## WHAT YOU WILL DO
Wherever the word "Picture" turns up in a line of the entries, copy that line.

Top of RECORD SET

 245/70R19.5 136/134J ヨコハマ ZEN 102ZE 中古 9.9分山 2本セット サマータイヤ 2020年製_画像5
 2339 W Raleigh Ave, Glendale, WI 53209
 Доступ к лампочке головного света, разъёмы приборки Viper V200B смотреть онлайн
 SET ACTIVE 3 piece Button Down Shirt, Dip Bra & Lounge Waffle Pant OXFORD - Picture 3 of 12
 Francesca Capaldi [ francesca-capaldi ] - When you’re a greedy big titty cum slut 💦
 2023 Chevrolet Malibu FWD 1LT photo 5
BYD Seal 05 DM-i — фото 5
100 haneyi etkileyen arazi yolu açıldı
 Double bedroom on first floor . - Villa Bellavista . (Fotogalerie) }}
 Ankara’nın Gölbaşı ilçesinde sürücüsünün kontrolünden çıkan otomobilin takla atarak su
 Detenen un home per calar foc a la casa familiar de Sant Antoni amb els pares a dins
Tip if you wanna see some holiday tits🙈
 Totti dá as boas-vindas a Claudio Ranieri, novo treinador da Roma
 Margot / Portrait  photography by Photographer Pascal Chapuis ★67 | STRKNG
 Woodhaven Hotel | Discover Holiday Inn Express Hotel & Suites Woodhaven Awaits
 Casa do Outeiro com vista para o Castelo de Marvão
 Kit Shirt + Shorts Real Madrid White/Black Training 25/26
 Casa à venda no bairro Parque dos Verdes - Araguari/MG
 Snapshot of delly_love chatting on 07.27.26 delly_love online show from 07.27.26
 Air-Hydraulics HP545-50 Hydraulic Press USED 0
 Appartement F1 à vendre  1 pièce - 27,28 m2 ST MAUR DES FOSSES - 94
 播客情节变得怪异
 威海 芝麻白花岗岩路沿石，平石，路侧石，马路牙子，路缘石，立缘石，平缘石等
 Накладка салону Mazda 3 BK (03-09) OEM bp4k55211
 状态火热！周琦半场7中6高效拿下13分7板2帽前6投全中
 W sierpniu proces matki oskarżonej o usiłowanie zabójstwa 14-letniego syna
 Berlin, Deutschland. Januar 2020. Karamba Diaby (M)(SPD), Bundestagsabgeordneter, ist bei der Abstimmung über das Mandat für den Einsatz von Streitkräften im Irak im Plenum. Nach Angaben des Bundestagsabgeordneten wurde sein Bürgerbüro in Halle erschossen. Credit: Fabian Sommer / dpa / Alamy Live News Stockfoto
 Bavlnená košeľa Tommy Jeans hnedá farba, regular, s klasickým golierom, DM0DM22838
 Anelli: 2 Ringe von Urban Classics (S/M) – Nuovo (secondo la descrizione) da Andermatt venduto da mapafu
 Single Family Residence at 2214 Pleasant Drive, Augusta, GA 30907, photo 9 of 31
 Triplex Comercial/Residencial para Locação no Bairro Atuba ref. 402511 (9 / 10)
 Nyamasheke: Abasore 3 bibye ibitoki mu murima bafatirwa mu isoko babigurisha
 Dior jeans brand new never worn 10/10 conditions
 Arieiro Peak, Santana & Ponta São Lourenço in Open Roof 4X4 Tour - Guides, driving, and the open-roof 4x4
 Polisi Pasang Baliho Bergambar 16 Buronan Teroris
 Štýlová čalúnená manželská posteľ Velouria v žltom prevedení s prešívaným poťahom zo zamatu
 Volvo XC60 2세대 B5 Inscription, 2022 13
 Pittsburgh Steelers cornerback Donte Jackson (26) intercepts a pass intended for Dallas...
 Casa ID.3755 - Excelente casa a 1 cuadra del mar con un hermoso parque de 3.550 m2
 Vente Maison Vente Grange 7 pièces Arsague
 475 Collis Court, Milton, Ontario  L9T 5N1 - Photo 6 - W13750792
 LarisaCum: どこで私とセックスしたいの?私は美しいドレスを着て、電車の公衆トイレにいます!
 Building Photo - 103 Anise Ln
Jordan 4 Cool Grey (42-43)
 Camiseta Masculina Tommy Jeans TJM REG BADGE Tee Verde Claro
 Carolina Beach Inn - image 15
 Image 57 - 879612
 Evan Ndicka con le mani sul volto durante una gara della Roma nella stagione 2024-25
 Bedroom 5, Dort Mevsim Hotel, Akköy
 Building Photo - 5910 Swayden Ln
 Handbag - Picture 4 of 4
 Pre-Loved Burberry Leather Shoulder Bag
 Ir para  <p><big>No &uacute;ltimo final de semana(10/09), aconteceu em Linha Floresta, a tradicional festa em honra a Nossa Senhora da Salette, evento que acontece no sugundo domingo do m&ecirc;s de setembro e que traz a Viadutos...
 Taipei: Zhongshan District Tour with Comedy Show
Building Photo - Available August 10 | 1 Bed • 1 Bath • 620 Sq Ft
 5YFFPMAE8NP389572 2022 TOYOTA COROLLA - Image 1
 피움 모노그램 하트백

Bottom of RECORD SET

## TASK RESULT
 SET ACTIVE 3 piece Button Down Shirt, Dip Bra & Lounge Waffle Pant OXFORD - Picture 3 of 12
 Handbag - Picture 4 of 4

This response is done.